Nonetheless, ACHR welcomes the invitation extended to organisations such as ICJ as it can further expose how the draconian provisions are further subverted by an administration hell-bent on throttling democratic freedom.

IV. Gayoom Vs Gyanendra: Intervene Now!

That President Gayoom will condemn Nasheed to life imprisonment is a foregone conclusion. One does not have to be an astrologer and legal analyst to predict the verdict that will be delivered. No political activist who has been charged under criminal law by President Gayoom has been acquitted.

If Nasheed is condemned to life imprisonment by the Kanagroo court of President Gayoom, international community like the United Nations, European Union, United States and NGOs including international NGOs such as Amnesty International, Human Rights Watch, International Commission of Jurists, Reporters Sans Frontiers, International Federation of Journalists etc must intervene in the same way they did after Royal takeover by King Gyanendra in Nepal on 1 February 2005.

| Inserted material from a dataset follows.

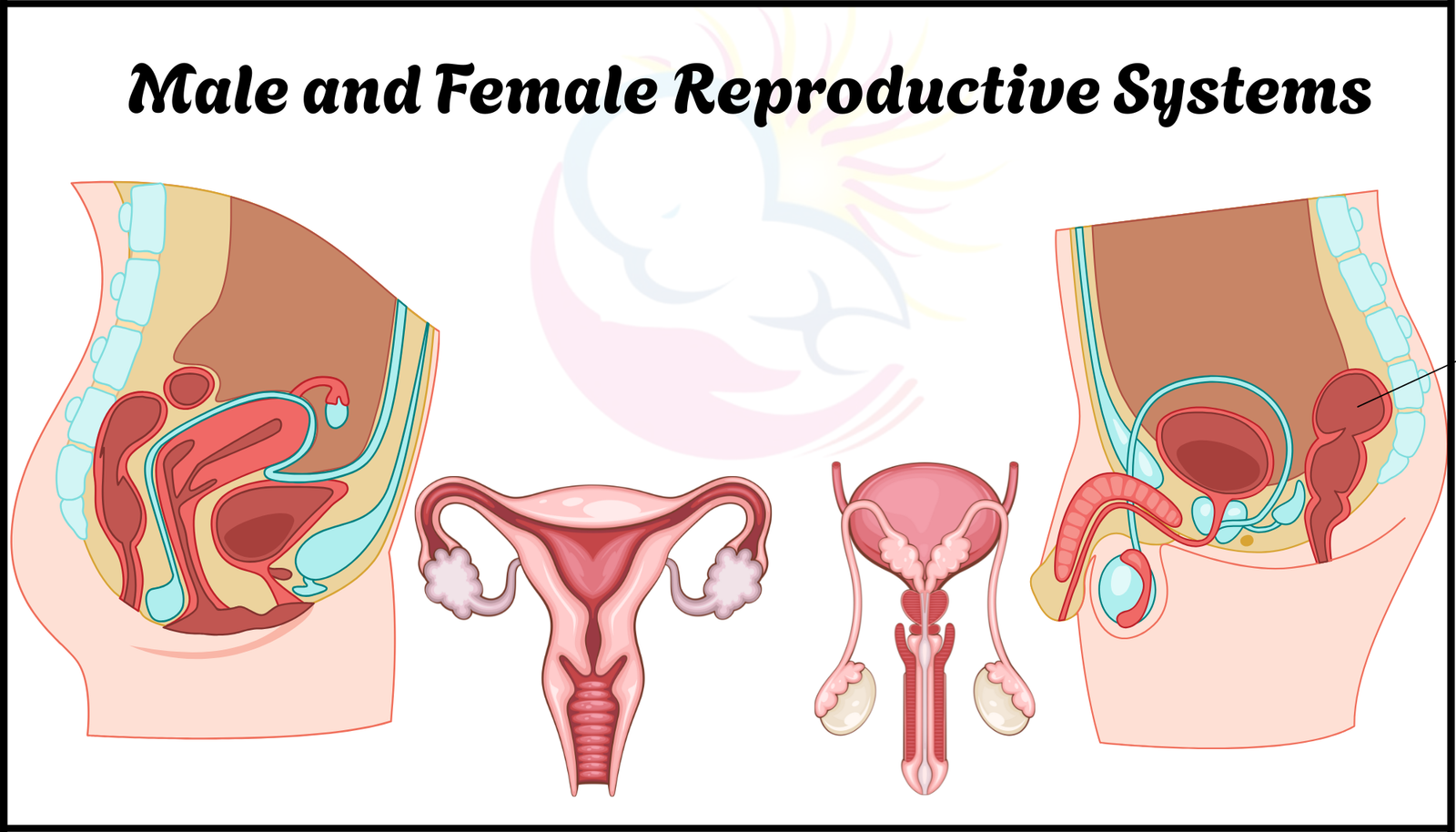 Understanding the Male and Female Reproductive Systems: A Path to Overcoming Infertility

The government of India, which was instrumental to bring the absolute King Gyanendra, must play the critical role to support the efforts of the international community and the democratic forces in Maldives to bring democracy in Maldives. If the government of India fails to take corrective course, civil society organisations and democratic forces in India must intervene with the government of India.

Maldives also must be one of the first test cases to be brought before the UN Human Rights Council which will hold its first session from 19 June 2006.

Through this ACHR REVIEW, Asian Centre for Human Rights calls upon all the actors of international community to observe the trial of Nasheed and make necessary interventions to speed up democratic reforms in Maldives.